Rental prices to soar in 2011: RP Data
A lack of supply in the housing market will put extra pressure on rental prices across Australia this year, according to RP Data.
RP Data's Rental Review for the December quarter in 2010 shows that rents in capital cities rose 4.2 per cent last year, compared with a 2.9 per cent rise nationally.
But analyst and report author Cameron Kusher expects rental prices to accelerate over the next twelve months.
"We're expecting that rental growth is actually going to be quite a bit stronger than what we've seen over the last 12 months to 24 months," Mr Kusher told the ABC last week.

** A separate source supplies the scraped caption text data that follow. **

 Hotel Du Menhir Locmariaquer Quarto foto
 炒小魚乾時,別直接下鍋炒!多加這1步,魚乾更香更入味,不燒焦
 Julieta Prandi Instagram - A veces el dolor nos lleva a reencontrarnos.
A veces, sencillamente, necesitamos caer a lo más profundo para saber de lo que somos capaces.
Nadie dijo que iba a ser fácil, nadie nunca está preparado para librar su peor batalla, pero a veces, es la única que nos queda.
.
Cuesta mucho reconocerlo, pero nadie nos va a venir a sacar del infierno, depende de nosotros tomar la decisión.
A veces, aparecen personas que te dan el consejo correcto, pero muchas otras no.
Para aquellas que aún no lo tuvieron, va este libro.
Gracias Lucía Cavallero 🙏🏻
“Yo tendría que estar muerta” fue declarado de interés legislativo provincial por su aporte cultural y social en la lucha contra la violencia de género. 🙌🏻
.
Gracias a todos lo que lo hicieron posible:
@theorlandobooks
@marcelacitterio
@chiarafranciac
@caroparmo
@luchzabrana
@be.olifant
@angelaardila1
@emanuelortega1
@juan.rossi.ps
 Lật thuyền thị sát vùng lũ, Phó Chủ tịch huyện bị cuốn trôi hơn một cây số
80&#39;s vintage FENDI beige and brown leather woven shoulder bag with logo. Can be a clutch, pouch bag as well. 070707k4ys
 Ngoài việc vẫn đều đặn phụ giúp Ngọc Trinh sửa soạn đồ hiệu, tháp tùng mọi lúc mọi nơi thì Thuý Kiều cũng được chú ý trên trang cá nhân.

"It hasn't really been that strong when you look back a little bit further how much rents were growing, and we expect rents will increase for both houses and units by at least 5 per cent and possibly 7 per cent by the end of 2011."
Darwin has been named the most expensive city in Australia to rent a house, with a median rent of $520 per week. It is followed by Canberra at $490 and Sydney with a median weekly rent of $450.

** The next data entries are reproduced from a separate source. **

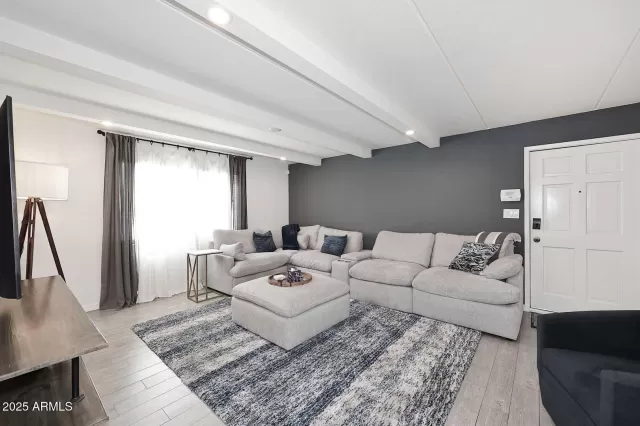 MLS: 6926298 Condo For Sale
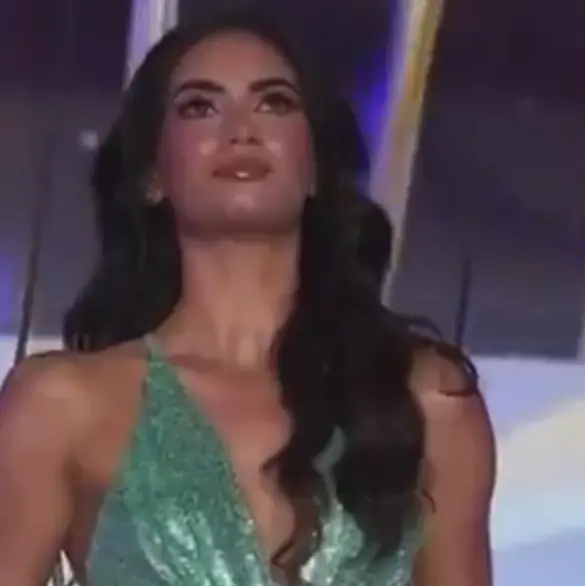 “Se rompió el arnés”: Laura Pérez sufre grave caída en vivo durante Miss Universe Latina
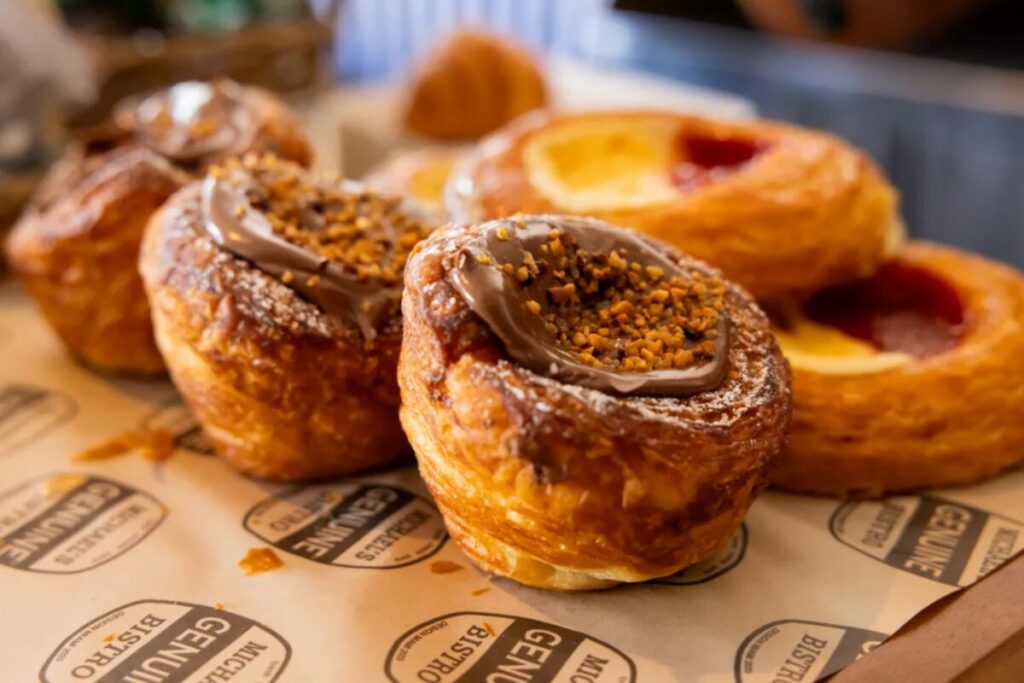 Espacio gastronómico de Michael’s Genuine Bistro con diseño cálido durante Art Week en Miami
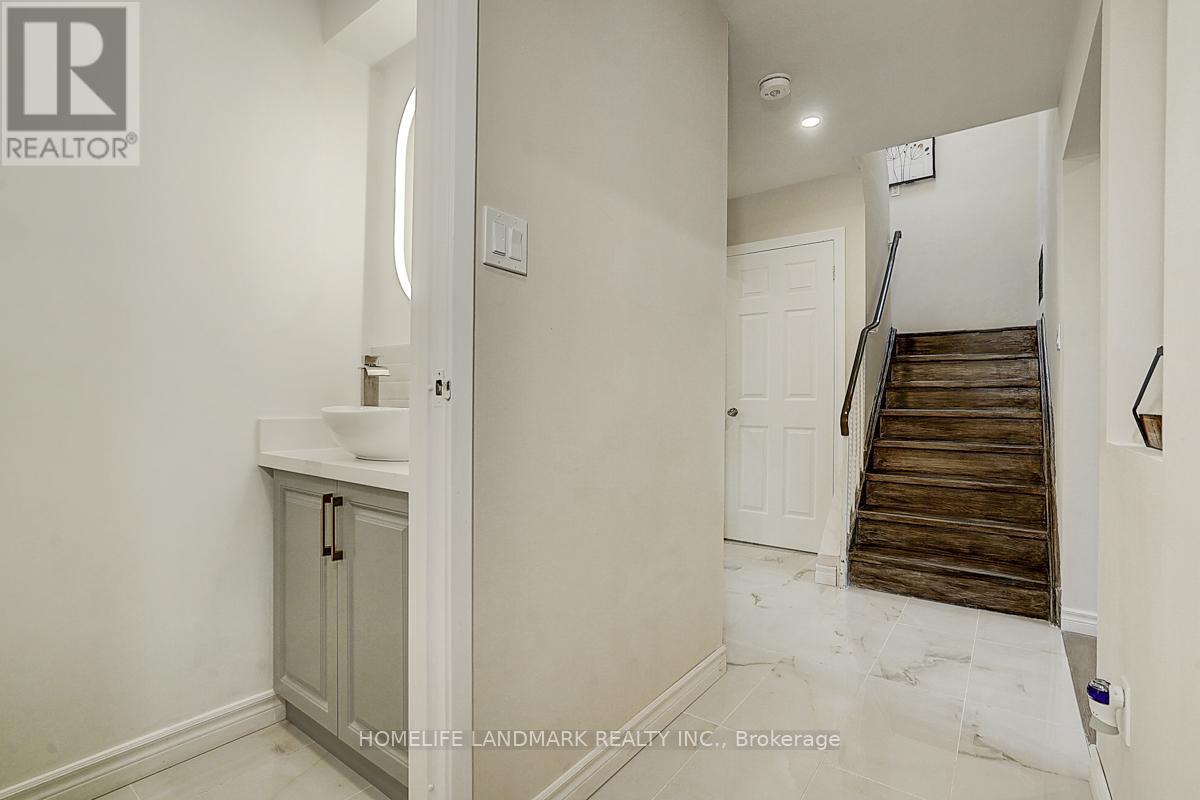 49 Grenbeck Drive, Toronto, Ontario  M1V 2H5 - Photo 8 - E12487386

The cheapest capital cities to rent are Adelaide, where renters pay $325 on average per week, and Hobart at $335.
"Across the combined house and unit market, rents increased by $80 per week between March 2006 and December 2008 across the country whilst capital city rents increased by a total of $90 per week," Mr Kusher said.

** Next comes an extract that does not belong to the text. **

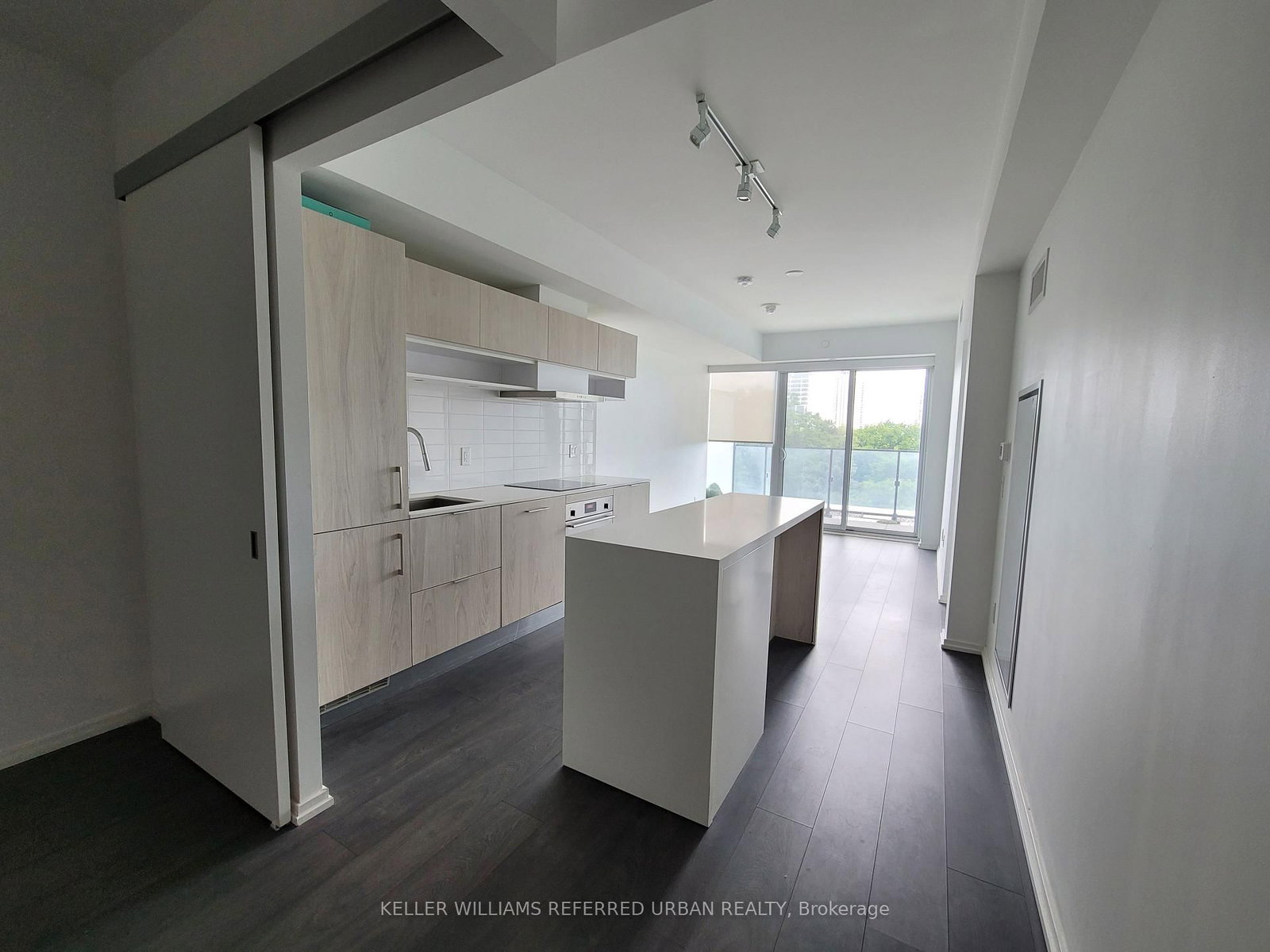 635-8 Hillsdale Avenue, Toronto, ON, photo 3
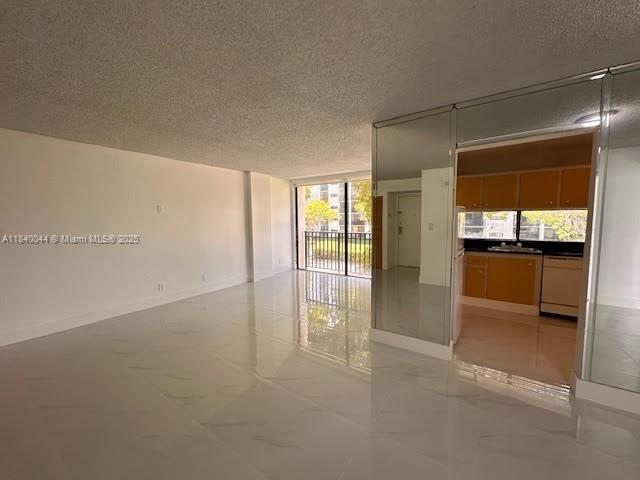 Photo - 17021 N Bay Rd Unit 221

The data also showed median weekly advertised rents for capital city houses increased 1.3 per cent and units 1.4 per cent for the quarter and sit at $380 per week and $365 per week, respectively.
Nationally, rents for houses and units showed no improvement during the December quarter and both houses and units have a median rent of $350 per week.
The most expensive place to rent in Australia? Western Australia’s Pilbara region. The median weekly rent, across both units and houses, was $1,650 last quarter – an increase of 10-percent.
Mr Kusher says while there’s a strong demand for more investments properties, he does not expect the situation to encourage more buyers to enter the market.
"More [housing] supply would be a very good thing to help curtail those predicted increases in rental rates, but at the moment developers just can't really make that new stock stack up,” he said.
"Affordability is the biggest issue at the moment in the housing market and that's why we are not seeing a lot of first-home buyers particularly active at the moment.”